Jaelle looked pale and strained. “I beg of you, Arlinda, if Rafi is here, send her to me at once. We have traveled from Thendara in the greatest haste we could manage, hoping to overtake her. Don’t play games with me, dear cousin.”
Arlinda wrinkled up her face, wrinkled and tanned like her own saddle leather. “Would I do that to you, deary? Oh, no, Rafi’s not here; they were here three days and went on only yesterday morning. The one who’d been sent to meet them from you-know-where came for them and they left with her.”
Jaelle slumped forward and for a minute Magda thought she would faint. She put her arm out and Jaelle leaned on it hard.

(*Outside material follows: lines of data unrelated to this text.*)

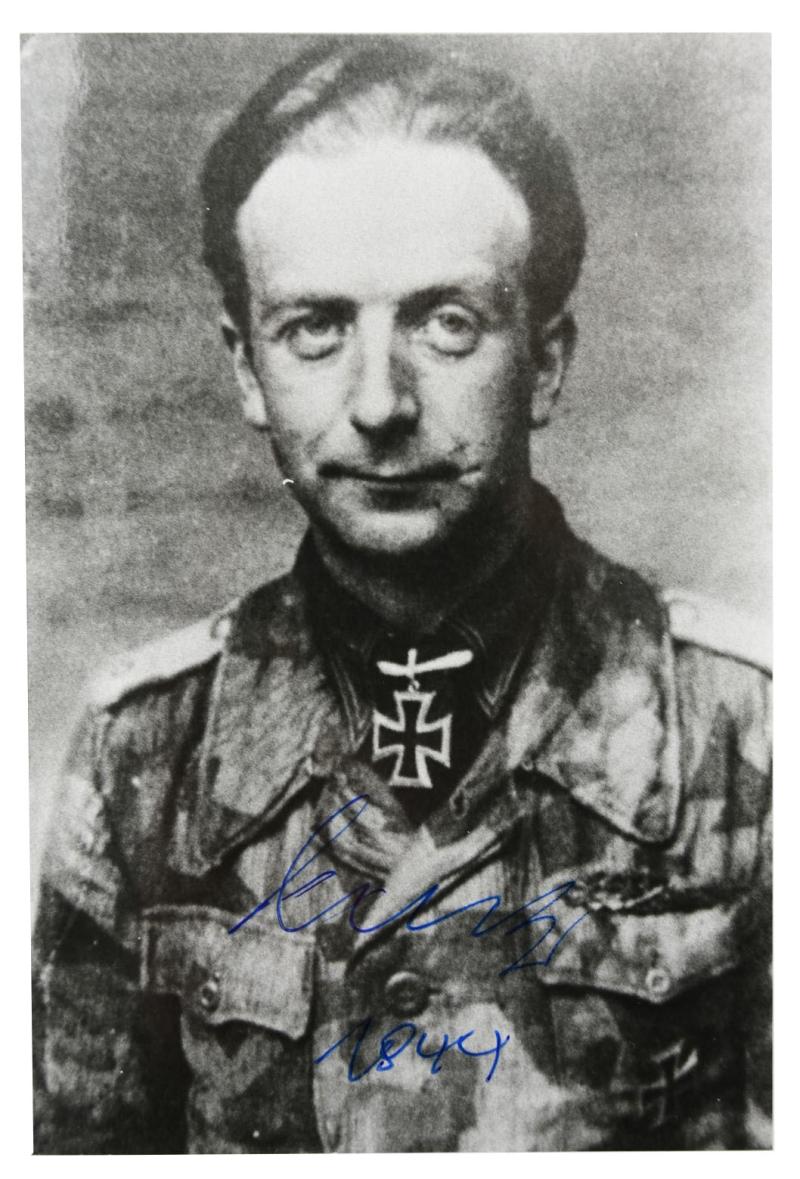 Signature of Wehrmacht Heer KC Recipient 'Wolfram Kertz'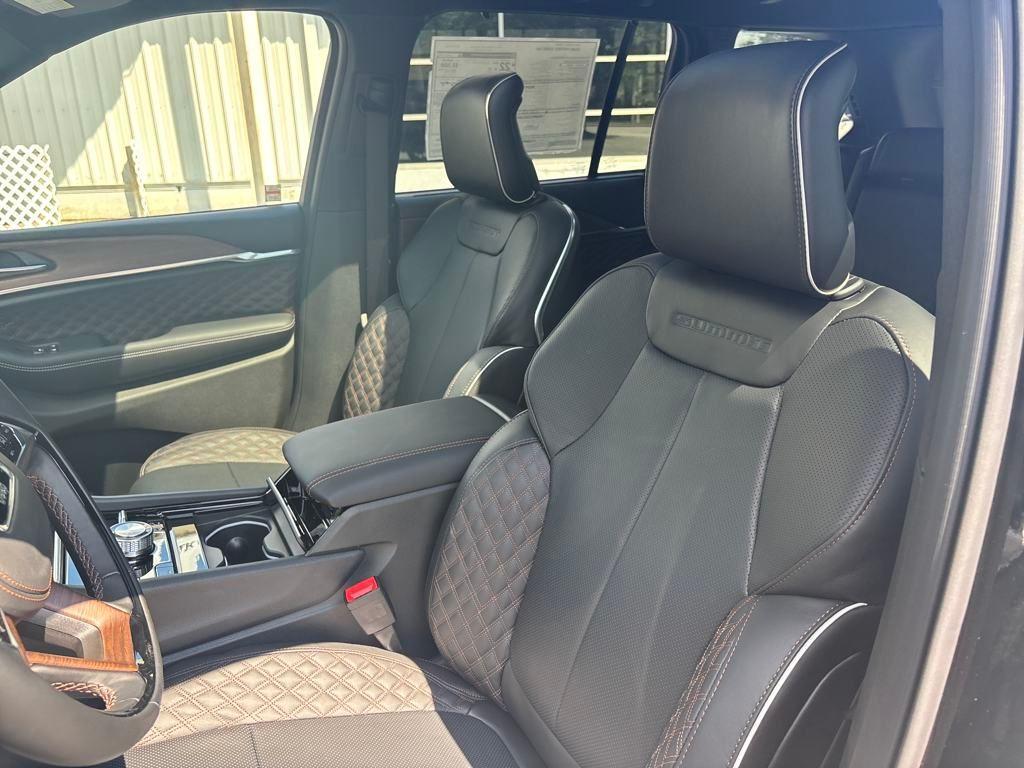 new 2025 Jeep Grand Cherokee car, priced at $67,879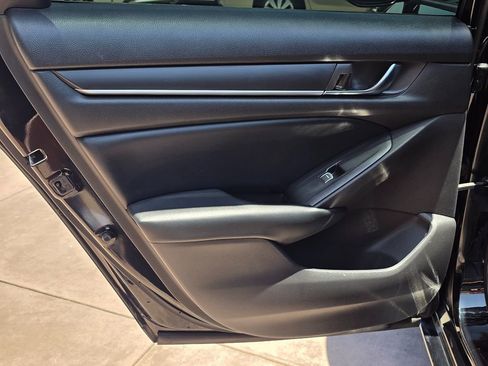 Used 2018 Honda Accord Sport image 23
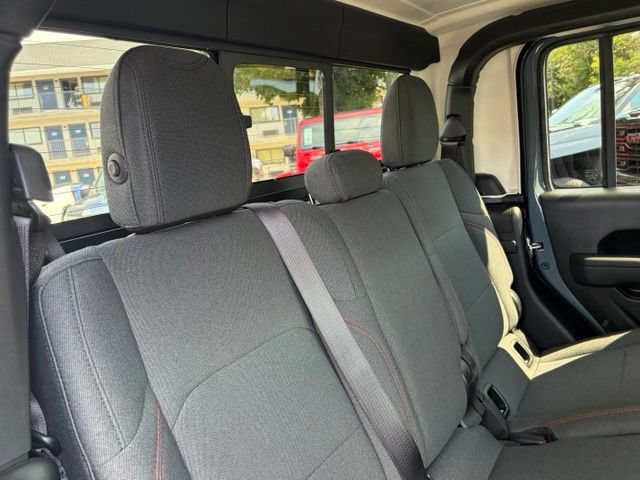 Used 2026 Jeep Gladiator Rubicon AWD/4WD image 31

Through the touch of her freemate’s hand Magda could feel misery and dismay.
To come so far, and to miss them by so little…
But she recovered herself swiftly. She said with gentle dignity, “You spoke of a message, but if they have gone on before us, it certainly can wait until my companions are bathed and rested. I thank you, cousin.”
Arlinda’s establishment was nothing if not efficient. In a few seconds, so it seemed to Magda, they had been shown to rooms, given receipts for their packloads and had their personal sacks brought to their assigned room, which was large and light and as clean as if it were a department of Terran Medic. There was a laundry on the premises too, and their soiled and travel-grubbied clothing was whisked away with the promise that it would be returned the next morning. All these things were accomplished by young, energetic, friendly girls, mostly between fifteen and twenty, who scurried around briskly, but with the utmost gaiety, and showed no sign whatever of being driven or intimidated. When Camilla was slow to change her garments (Camilla, because of the scars on her mutilated body, always hesitated to bare herself among strangers) they tactfully offered her a bathwrap to wear while her clothing was being washed, whisked away to fetch it for her, and had her clothes off and the fresh wrap on her body almost, it seemed, while Camilla was grumbling at them that she could manage perfectly well without it.